— Records from a dataset —
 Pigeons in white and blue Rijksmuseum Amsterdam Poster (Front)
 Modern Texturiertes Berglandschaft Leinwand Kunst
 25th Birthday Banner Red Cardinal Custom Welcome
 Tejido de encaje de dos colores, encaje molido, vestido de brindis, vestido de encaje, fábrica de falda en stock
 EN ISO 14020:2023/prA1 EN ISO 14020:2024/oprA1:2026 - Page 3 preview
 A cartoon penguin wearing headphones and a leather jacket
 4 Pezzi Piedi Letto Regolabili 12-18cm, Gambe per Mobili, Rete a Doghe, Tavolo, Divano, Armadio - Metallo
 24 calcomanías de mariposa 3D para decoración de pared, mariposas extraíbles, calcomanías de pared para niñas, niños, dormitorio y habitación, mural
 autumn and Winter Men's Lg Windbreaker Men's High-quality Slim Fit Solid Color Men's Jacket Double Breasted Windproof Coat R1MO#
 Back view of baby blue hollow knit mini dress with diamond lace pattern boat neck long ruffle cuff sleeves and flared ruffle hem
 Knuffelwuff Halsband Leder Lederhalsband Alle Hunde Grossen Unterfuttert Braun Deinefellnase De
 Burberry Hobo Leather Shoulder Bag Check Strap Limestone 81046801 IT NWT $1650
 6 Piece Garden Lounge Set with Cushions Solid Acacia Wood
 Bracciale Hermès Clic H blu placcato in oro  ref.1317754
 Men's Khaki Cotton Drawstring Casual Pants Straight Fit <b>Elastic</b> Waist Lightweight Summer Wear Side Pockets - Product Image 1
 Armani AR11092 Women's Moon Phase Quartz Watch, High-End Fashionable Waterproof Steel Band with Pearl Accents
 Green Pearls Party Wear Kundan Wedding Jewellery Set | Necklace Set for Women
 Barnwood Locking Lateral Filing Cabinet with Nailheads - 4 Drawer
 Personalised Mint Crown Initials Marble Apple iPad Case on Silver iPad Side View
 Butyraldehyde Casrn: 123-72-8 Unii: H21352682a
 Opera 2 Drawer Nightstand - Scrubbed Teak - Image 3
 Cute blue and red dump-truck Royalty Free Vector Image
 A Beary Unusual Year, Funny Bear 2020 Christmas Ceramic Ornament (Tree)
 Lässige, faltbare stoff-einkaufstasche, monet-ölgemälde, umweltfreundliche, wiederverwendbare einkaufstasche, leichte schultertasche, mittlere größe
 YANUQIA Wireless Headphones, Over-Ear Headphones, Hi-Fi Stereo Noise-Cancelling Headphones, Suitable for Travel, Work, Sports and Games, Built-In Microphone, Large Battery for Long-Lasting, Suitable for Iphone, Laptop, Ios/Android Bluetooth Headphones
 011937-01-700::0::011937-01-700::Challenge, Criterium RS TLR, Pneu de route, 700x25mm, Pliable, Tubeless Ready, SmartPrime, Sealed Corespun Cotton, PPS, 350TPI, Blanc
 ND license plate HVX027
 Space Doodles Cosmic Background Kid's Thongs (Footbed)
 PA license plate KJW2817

— DIRECTIONS FOR THIS TASK —
Would you print, exactly as written, every line above from the one holding "schultertasche, mittlere größe" through the one holding "011937-01-700::0::011937-01-700::Challenge, Criterium RS", with both included and no other lines?

— COMPLETED TASK —
 Lässige, faltbare stoff-einkaufstasche, monet-ölgemälde, umweltfreundliche, wiederverwendbare einkaufstasche, leichte schultertasche, mittlere größe
 YANUQIA Wireless Headphones, Over-Ear Headphones, Hi-Fi Stereo Noise-Cancelling Headphones, Suitable for Travel, Work, Sports and Games, Built-In Microphone, Large Battery for Long-Lasting, Suitable for Iphone, Laptop, Ios/Android Bluetooth Headphones
 011937-01-700::0::011937-01-700::Challenge, Criterium RS TLR, Pneu de route, 700x25mm, Pliable, Tubeless Ready, SmartPrime, Sealed Corespun Cotton, PPS, 350TPI, Blanc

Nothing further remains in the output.